Your goal — Please return the lines of the data that contain "Picture".

Data in this exercise —
----------------------------------------
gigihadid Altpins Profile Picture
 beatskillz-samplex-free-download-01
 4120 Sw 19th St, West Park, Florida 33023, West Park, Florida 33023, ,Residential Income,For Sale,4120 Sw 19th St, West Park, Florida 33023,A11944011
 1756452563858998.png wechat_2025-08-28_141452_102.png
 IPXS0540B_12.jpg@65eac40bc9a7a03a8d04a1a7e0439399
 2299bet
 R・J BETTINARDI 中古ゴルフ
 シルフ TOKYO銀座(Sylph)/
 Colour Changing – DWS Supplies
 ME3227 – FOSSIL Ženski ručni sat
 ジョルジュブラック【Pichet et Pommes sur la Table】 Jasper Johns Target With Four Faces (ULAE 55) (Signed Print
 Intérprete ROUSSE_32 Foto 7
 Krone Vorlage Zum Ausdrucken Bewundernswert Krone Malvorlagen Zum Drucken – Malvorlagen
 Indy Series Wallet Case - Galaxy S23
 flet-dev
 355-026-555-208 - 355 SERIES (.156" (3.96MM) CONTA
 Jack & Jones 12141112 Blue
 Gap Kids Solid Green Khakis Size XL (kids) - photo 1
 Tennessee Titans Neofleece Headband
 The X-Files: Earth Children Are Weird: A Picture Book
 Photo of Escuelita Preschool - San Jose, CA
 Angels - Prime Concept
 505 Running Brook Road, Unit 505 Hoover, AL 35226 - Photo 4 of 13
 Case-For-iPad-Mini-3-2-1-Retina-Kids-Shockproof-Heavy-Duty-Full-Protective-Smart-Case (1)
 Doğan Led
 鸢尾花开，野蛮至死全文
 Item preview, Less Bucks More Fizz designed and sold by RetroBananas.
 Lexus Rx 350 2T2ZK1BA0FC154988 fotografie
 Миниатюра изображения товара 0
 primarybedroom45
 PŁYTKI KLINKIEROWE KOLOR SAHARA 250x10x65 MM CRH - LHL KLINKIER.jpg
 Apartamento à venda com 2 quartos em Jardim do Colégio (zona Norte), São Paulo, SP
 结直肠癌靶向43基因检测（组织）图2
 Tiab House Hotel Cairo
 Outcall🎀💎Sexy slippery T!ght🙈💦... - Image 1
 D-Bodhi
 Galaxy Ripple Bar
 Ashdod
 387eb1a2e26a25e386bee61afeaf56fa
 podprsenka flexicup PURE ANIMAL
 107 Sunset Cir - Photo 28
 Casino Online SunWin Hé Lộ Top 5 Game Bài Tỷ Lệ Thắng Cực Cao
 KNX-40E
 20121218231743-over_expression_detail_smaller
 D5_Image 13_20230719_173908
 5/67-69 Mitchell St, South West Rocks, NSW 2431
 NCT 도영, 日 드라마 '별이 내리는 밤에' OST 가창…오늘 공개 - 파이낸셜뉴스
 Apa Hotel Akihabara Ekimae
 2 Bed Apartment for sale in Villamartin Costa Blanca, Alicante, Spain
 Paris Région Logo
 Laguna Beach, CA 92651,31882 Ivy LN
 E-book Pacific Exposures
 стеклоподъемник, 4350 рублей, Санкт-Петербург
----------------------------------------
Reply to the exercise —
gigihadid Altpins Profile Picture
 The X-Files: Earth Children Are Weird: A Picture Book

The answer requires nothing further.